Christopher Lee (1922-2015-?)
Christopher Lee est mort, nous n’apprendrons rien au lecteur en répétant cette plate et triste vérité. Il n’était pas l’homme d’un seul rôle ni d’une seule vie, d’ailleurs, et les nécrologies, qui fleurissent dans les pages des journaux comme autant de roses fanées sur une tombe promise à l’oubli, le rappellent si abondamment que nous nous savons le devoir d’épargner la banale répétition aux philittiens. Nombreux furent ses visages, mais celui, lugubre et marmoréen, à peine souligné d’un peu de pourpre, de Dracula, reste, sans doute celui qui danse le plus volontiers dernière nos paupières, car, in fine, il était le sien.
En tout cas, pour ce qui nous concerne, Dracula est Christopher Lee — plus que Christopher Lee est Dracula, d’ailleurs. Il y a, certainement, un effet de génération. Lugosi, certes, et Schreck avant lui, bien sûr, furent grands. Mais de même que les paysages les plus beaux sont, de plaine ou de montagne, ceux de l’enfance ; de même, les sentiments esthétiques les plus forts s’acquièrent au même âge.
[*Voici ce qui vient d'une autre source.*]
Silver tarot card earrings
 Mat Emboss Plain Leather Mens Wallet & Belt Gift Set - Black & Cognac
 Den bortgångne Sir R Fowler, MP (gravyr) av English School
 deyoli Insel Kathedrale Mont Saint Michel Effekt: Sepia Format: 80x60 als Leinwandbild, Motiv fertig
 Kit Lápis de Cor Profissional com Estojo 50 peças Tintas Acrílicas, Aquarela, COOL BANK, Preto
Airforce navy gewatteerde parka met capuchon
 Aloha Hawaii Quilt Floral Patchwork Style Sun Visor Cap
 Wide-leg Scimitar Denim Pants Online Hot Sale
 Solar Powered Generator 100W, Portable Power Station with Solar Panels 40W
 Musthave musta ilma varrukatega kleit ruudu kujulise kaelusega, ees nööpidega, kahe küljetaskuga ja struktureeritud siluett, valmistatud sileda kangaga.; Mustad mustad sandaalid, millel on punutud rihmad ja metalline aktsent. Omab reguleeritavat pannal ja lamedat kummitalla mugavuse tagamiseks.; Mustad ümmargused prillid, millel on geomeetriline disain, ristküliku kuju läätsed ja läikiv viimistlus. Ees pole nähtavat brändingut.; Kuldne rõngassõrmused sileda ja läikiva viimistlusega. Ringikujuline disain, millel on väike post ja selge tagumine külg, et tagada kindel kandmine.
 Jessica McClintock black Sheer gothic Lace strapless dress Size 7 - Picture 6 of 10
Enfant, comme tant d’autres, nous avons vu les films de la Hammer et, pour nous, Dracula, éternellement vivant dans sa mort, est Christopher Lee.
Horreur d’hier, horreur d’aujourd’hui
Sans doute cela pourra paraître étrange aux plus jeunes. Pire, cela pourrait être l’origine d’une méprise. Suivons le fil de nos petites idées en gardant à l’esprit que si, par convention, la Vérité est absolue, le Relatif est toujours vrai en tant qu’il est relatif, précisément. Ce que nous voyons dans le Dracula de la Hammer n’a rien de risible, de kitsch, de nanardeux (ô terme odieux), ni même de suranné, d’édulcoré, de domestiqué (quel contresens ce serait !). Nous ne voyons pas en lui ce que voient ceux qui, aujourd’hui, partagent en partie, en croyant partager tout entier, notre deuil. Ils pleurent, avec respect, la disparition de Christopher Lee, acteur — dans tous les sens du terme — d’une époque révolue ; nous, nous pleurons la mort définitive de Dracula.
L’horreur a changé de nature, posons ce regrettable axiome, il faut nous faire une raison, et cette mort, celle de l’artiste et de son double, nous en impose le constat. Combien, parmi ceux qui s’attristent aujourd’hui, échappent à l’ennui ou au ricanement devant la grande cape noire et les décors de carton-pâte baignant dans la bleuité d’une nuit de studio et d’un brouillard trop lourd, trop proche du sol ? Nous y voilà. Les rêves ne sont plus les mêmes, les cauchemars non plus ; d’ailleurs, pour nous, n’étaient-ils pas si proches ? L’horreur de la Hammer est trouble en ce qu’elle suscite la fascination, le plaisir esthétique, voire la séduction érotique — Dracula ne mord guère que les femmes. Nous ne voulons pas mourir, nous ne voulons pas vivre la vie d’un mort, bien sûr, mais le tombeau a aussi ses ornements, les odeurs de la crypte sont parfois celle de l’encens ou des cheveux d’une femme, et, si le Dracula de la Hammer nous effraie, c’est qu’il nous le montre, nous le révèle, sans nous en cacher le prix véritable.
Undead, tout est dit et cela n’a rien à voir avec le vampire amphibie, équivoque, pour ne pas dire carrément inverti, que la grotesque mode gothique nous vend. Le prix à payer n’est pas celui des affres ridicules de l’adolescence, il est celui des espoirs et des peurs de l’enfance.
Mais voilà le pieu de la trivialité et le marteau du prosaïsme sont là pour percer le cœur de ceux qui rêvent dans le cauchemar de la tombe et pour tuer même les morts. Christopher Lee est mort, l’homme en lui l’a tué ; Dracula est mort et c’est nous qui l’avons tué.